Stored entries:

• • •

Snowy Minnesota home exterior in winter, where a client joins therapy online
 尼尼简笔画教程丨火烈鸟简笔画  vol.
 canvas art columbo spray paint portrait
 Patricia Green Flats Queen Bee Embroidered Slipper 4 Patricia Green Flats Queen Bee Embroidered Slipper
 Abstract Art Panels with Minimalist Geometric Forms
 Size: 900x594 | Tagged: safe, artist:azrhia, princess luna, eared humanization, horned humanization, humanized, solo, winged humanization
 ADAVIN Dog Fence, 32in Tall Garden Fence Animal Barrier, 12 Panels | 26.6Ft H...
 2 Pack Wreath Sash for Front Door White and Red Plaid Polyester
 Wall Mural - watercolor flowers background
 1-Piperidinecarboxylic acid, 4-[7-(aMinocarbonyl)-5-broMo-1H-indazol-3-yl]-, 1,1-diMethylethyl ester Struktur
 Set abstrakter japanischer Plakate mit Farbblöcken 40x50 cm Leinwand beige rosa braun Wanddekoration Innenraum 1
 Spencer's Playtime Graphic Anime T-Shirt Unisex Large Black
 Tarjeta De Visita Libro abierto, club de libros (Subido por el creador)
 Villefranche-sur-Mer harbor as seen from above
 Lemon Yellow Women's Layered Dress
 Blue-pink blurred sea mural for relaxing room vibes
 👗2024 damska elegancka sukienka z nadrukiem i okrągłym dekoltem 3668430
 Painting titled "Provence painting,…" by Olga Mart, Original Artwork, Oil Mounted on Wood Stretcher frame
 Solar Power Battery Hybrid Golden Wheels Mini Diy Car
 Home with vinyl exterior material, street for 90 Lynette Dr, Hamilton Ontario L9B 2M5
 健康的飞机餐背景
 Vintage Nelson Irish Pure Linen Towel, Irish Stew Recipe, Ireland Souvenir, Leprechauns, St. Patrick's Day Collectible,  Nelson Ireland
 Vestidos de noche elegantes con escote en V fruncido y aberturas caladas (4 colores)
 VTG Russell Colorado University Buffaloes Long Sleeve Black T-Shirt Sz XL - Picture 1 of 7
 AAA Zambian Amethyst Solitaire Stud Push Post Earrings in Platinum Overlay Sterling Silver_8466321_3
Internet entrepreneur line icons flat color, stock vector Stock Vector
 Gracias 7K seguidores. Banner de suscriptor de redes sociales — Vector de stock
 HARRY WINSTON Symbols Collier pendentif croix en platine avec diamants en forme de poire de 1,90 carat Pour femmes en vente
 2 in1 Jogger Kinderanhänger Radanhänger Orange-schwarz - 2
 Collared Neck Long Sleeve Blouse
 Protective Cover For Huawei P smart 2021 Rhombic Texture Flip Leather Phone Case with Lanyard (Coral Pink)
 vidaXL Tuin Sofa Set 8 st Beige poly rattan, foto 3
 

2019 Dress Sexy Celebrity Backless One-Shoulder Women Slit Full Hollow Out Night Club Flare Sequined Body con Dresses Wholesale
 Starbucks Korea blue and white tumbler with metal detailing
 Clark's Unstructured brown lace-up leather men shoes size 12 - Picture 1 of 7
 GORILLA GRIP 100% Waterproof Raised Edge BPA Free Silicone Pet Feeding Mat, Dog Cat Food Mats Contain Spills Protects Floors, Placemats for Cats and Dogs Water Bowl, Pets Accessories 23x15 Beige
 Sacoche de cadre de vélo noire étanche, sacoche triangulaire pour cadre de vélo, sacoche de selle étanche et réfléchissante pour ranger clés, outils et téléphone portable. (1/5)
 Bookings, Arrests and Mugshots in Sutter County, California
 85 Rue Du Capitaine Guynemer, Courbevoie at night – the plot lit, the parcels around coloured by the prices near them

• • •

Work required:
Output the line bearing "Bookings, Arrests and" along with all the lines after it through the end of the entries, exactly, and no other lines.

Response area:
 Bookings, Arrests and Mugshots in Sutter County, California
 85 Rue Du Capitaine Guynemer, Courbevoie at night – the plot lit, the parcels around coloured by the prices near them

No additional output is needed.